You can spin 3" - 3.5". That's about the same length as angora fiber and a LOT longer than cotton. So, shear him carefully and have fun spinning! Sounds like some lovely yarn on the hoof to me!


----------



## Callieslamb (Feb 27, 2007)

I prefer my fibers about 3 inches. I don't know if you have to be careful in shearing but I'd be very light-handed in washing and processing the fleece. Good luck!


----------



## hotzcatz (Oct 16, 2007)

Pictures! Are there pictures yet?


----------



## lexierowsell (Dec 10, 2013)

Callieslamb said:


> I prefer my fibers about 3 inches. I don't know if you have to be careful in shearing but I'd be very light-handed in washing and processing the fleece. Good luck!

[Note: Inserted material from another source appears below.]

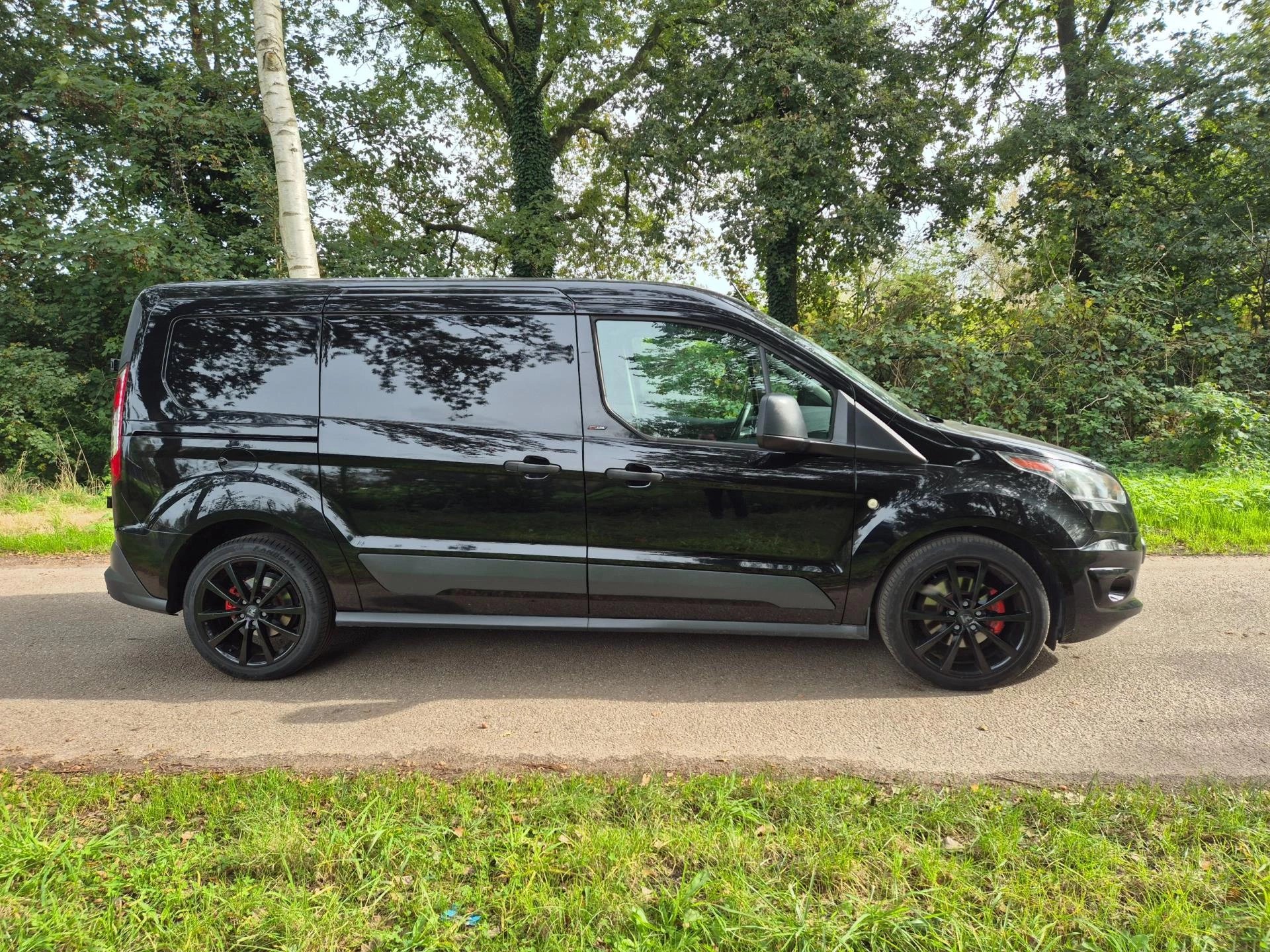 Hoofdafbeelding Ford Transit Connect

Yay! Thx Callie! I need to be super careful so that I don't, ahem, ruin the fleece before I try to process it. Lol. 

Hotz- I'll snap some Tommy photos today, think I'll be shearing him this weekend.


----------



## lexierowsell (Dec 10, 2013)

Now, this is NOT the prettiest shearing I've done, but I was aiming for fewest second cuts. 

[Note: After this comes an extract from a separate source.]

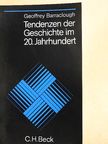 Geoffrey Barraclough - Tendenzen der Geschichte im 20. Jahrhundert [antikvár]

Fiber came out beautiful, low vm, pearlescent... Can't wait to wash some up, gonna spin a little in the grease too!


----------



## Marchwind (May 10, 2002)

It looks like a lovely fleece and it's not too dirty. I bet you will have no problem spinning it in the grease. EF generally aren't a greasy fleece are they? I have no clue about BFL but others in the Leister family aren't too greasy". I think you'll do fine. Thanks for posting the pictures. Can't wait to see what you spin up.


----------



## Kasota (Nov 25, 2013)

The look on the sheep's face. "What just happened here? Where did that breeze come from?" lol! Looking forward to more pictures of what you do with the fleece!!


----------



## Miz Mary (Feb 15, 2003)

awww..... he is so adorable !!! What beautiful fleece !! Cant wait to see it spun up !! GREAT job on shearing too !


----------



## ErikaMay (Feb 28, 2013)

Lovely! EF fiber spins great in the grease and it moisturizes your hands wonderfully! I like to spin in the grease when my job leaves my hands totally dry and cracked.


----------